Come Loiseau, anche Nazarian nota la violazione del Secondo Protocollo della Convezione dell’Aja per la Protezione della Proprietà Culturale in Caso di Conflitto Armato, e mette in luce che c’è anche preoccupazione per “dei danneggiamenti a Tigranakert, un significativo sito armeno ed ellenistico di una antica città fondata da Tigrani il Grande tra il 95 e il 55 avanti Cristo”, perché è stata “una area di intensa attività di guerra, bombardata diverse volte”. Anche la chiesa di San Giovanni Battista a Shushi è stata duramente danneggiata, come hanno dimostrato video circolati nei social media poco dopo l’occupazione di Shushi.
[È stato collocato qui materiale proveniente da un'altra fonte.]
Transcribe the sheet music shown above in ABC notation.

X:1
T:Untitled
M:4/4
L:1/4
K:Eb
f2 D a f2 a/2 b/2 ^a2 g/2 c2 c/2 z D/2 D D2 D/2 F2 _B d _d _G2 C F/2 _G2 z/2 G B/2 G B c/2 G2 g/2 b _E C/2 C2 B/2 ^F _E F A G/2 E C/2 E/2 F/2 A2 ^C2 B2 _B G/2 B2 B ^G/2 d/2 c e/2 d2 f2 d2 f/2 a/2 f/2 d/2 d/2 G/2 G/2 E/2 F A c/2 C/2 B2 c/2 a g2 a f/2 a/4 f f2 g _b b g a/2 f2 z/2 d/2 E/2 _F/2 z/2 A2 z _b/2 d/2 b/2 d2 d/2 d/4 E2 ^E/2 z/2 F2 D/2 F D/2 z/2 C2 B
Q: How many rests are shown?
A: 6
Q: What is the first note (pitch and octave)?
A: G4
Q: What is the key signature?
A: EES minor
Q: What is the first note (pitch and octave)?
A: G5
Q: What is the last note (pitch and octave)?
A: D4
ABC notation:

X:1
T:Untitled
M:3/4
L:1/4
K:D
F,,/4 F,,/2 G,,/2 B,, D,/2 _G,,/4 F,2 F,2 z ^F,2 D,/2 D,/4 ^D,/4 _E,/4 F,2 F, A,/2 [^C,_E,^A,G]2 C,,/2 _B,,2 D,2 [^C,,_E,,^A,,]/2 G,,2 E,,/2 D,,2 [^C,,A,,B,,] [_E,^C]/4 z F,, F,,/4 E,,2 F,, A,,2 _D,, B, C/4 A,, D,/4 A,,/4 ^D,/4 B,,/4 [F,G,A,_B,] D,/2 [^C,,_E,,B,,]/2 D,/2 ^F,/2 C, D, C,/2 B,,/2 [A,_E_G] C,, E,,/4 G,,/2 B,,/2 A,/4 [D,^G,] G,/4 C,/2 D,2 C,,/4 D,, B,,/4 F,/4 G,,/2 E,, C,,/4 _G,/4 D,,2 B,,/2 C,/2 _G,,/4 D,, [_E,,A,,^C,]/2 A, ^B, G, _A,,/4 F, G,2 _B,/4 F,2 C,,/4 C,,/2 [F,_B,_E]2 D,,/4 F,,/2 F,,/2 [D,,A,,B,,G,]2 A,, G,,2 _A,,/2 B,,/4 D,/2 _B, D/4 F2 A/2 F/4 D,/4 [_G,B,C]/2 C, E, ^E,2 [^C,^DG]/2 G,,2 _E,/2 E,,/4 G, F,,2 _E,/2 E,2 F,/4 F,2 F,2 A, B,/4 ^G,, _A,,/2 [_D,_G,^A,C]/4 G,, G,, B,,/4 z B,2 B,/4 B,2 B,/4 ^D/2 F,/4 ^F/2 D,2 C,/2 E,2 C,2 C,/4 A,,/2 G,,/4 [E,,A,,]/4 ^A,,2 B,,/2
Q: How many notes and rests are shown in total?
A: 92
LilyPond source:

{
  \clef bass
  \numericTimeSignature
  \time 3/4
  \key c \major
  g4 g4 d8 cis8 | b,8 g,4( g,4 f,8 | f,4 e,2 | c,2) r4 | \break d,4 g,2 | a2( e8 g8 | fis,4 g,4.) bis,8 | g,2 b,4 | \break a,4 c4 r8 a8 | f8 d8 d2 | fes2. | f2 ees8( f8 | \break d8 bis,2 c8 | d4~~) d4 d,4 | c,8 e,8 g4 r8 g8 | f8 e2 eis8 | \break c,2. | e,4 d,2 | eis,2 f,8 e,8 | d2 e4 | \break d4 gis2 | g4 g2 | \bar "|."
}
Mentre – denuncia Nazarian – “il fuoco costante delle forze armate azere su insediamenti civili ha reso impossibile a musei e professionisti dell’eredità culturale di prendersi cura della sicurezza delle collezioni e assicurare la loro protezione”, e questo include “8 musei di Stato e gallerie d’arte, nonché due musei privati”, la maggior parte dei quali fondati dopo il cessate il fuoco del 1994.

L’ambasciatore Nazarian ha anche denunciato che l’eredità culturale dei siti viene mistificata, che l’eredità culturale armena in Nagorno Karabakh viene definita come “Albanese Caucasica”, e sottolinea come “la distorsione dell’eredità armena è un tentativo di saccheggio culturale, nonché una violazione dei più rilevanti strumenti legali internazionali”.

In particolare, l’ambasciatore Nazarian descrive “il controverso restauro delle chiese nella città di Nij nella regione di Gabala operata dalle autorità azere”. Il restauro è avvenuto nel Dicembre 2004, e in quel caso “le iscrizioni in armeno sulla chiesa sono state cancellate, e in conseguenza di ciò ambasciatori esteri accreditati in Azerbaijan rifiutarono di prendere parte alla cerimonia di riapertura della Chiesa”.

Secondo l’ambasciatore, l’Azerbaijan deve rifiutare l’eredità culturale e religiosa armena in Nagorno Karabakh perché questa mette a rischio le sue pretese di indigeneità nella regione, e questo si è visto sia con l’espulsione di tutta la popolazione armena dall’Azerbaijan nel 1989-1990, sia con gli sforzi di cancellare le tracce del passato, tanto che durante il conflitto del 1992-1994, “non meno di 167 chiese armene, 8 complessi monastici armeni e più di 120 cimiteri armeni sono stati distrutti dalle autorità azere”, senza contare la distruzione di centinaia di miglia di khachkar, e in particolare quelle nel cimitero di Old Jugha in Nakhichevan tra il 1997 e il 2006, dove si calcola siano state distrutte 89 chiese mediali, 5840 croci di pietra e 22 mila lapidi.

L’ambasciatore armeno lamenta che si rischia una situazione simile alla distruzione di Palmira e Nimrod ad opera dell’ISIS, ricorda che gli stessi armeni hanno restaurato la Moschea di Gohar Agha in Sushi nel 2019.

Da parte loro, gli azeri lamentano la distruzione delle moschee da parte armena, una distruzione di cui ha parlato anche Loiseau. Tuttavia, oggi si nota una resistenza dell’Azerbaijan ad ogni interazione internazionale sul tema dell’eredità culturale. L’UNESCO si è trovata, infatti, diverse difficoltà davanti quando ha tentato di spedire una missione di assistenza tecnica in Nagorno Karabakh e nei distretti adiacenti, denuncia Nazarian.